== PROBLEM DETAILS ==
Find how many lines below hold "Gift", and give that number as the entire answer.

== EXERCISE INPUT ==
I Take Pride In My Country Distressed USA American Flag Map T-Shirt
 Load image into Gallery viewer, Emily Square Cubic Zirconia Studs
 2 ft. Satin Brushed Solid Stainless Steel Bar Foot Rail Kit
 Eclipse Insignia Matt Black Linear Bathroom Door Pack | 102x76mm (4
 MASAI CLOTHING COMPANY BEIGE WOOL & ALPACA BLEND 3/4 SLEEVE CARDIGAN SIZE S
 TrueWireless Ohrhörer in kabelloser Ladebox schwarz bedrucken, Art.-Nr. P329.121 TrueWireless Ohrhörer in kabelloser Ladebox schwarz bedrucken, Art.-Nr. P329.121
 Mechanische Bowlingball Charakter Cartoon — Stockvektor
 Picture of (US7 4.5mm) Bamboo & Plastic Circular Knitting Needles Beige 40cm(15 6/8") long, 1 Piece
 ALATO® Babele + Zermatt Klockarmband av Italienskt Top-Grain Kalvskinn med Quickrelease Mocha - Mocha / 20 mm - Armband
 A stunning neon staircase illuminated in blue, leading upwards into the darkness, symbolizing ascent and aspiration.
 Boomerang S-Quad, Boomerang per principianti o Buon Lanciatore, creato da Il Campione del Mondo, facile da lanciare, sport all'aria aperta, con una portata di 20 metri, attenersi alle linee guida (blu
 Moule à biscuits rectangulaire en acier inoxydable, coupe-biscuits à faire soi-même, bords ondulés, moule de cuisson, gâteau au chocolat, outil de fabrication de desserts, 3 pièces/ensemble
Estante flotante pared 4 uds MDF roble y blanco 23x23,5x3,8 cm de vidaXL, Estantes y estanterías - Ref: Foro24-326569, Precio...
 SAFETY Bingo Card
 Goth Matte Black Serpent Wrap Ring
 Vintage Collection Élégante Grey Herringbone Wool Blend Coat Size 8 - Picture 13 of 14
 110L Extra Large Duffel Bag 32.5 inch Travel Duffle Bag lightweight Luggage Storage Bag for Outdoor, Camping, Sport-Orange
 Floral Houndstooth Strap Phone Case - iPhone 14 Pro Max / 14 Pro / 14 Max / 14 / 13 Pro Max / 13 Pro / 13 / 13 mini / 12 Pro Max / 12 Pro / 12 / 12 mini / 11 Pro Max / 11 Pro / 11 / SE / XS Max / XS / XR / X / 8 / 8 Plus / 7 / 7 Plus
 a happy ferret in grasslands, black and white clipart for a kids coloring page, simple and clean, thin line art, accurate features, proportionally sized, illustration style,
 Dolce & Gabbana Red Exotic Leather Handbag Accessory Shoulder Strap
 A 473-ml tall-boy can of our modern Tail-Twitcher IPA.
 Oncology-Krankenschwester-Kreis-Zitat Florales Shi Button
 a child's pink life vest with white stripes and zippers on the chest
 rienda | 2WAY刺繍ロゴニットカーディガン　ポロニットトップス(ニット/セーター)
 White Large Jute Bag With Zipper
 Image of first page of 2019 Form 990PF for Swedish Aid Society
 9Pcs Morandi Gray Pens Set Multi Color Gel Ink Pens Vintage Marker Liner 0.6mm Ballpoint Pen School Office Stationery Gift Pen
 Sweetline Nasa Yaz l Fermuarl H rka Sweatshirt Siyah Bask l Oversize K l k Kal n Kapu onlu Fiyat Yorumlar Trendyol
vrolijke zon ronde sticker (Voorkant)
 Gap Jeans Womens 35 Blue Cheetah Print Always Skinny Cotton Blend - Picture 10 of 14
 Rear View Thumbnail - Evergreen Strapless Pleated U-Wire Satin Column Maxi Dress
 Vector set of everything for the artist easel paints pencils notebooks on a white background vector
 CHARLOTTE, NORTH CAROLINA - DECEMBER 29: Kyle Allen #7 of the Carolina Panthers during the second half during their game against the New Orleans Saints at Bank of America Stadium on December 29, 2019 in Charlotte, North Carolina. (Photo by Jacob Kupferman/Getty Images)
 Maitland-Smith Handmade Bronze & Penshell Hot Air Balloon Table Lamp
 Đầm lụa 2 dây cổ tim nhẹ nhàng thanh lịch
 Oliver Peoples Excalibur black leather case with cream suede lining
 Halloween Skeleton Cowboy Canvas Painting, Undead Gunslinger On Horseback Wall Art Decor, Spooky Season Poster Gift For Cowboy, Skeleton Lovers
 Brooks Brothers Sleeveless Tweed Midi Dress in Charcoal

== FINISHED EXERCISE ==
2